General Sheridan was an aggressive fighting man who was that rarest of birds in his day, an infantryman who commanded cavalry. He did rather well at it and a fair number of Confederates probably regretted the day he crossed their path.
What's this have to do with anything, you ask? How could it be cutting edge information?
Well, read on. It's from his memoirs.
Sheridan served under General Meade in the Army of the Potomac, and Meade insisted on issuing orders and movements to Sheridan's cavalry divisions, which brought matters to a showdown in which Sheridan opined that he could whip General J.E.B. Stuart's famed Confederate cavalry if Meade would let him, but since Meade wouldn't, Sheridan was going to issue no more orders to his troops. Meade went to his commander, Ulysses "Sam" Grant and complained about Sheridan's impertinence and mentioned that Sheridan had said he could whip Stuart. Grant said "Did he say so? Then let him go out and do it."
Meade did a complete about face, cut Sheridan's orders, and that is exactly what happened in the battles around Yellow Tavern, Virginia, where Stuart met his maker on the field.
Sheridan's troops were moving down the Mechanicsburg road on the south side of the Chickahominy River at around 11:00 at night on 11 May, 1864, and the Confederates had mined the road with IEDs-improvised explosive devices in the form of cannon shells connected by trip wires across the road.

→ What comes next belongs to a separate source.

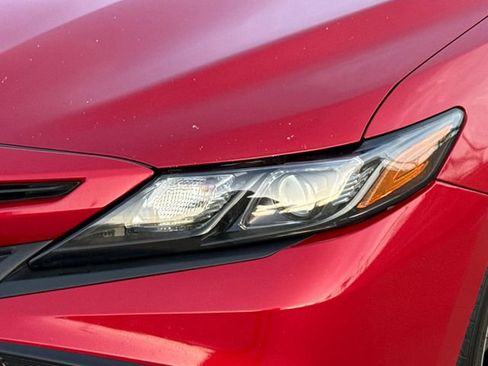 Used 2022 Toyota Camry SE FWD image 4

Sheridan directed that the IEDs be removed and brought up Confederate prisoners to crawl forward on their hands and knees, feel for the trip wires, follow them up and defuse the IEDs. When the prisoners disclosed that a local Confederate sympathizer was the author of the devices, Sheridan ordered that some of the IEDs be placed in the sympathizer's basement under his house set to explode if the enemy came that way, while the sympathizer and his family were held as prisoners overnight, presumably so that they would be unaware of the little surprise that had been set for them.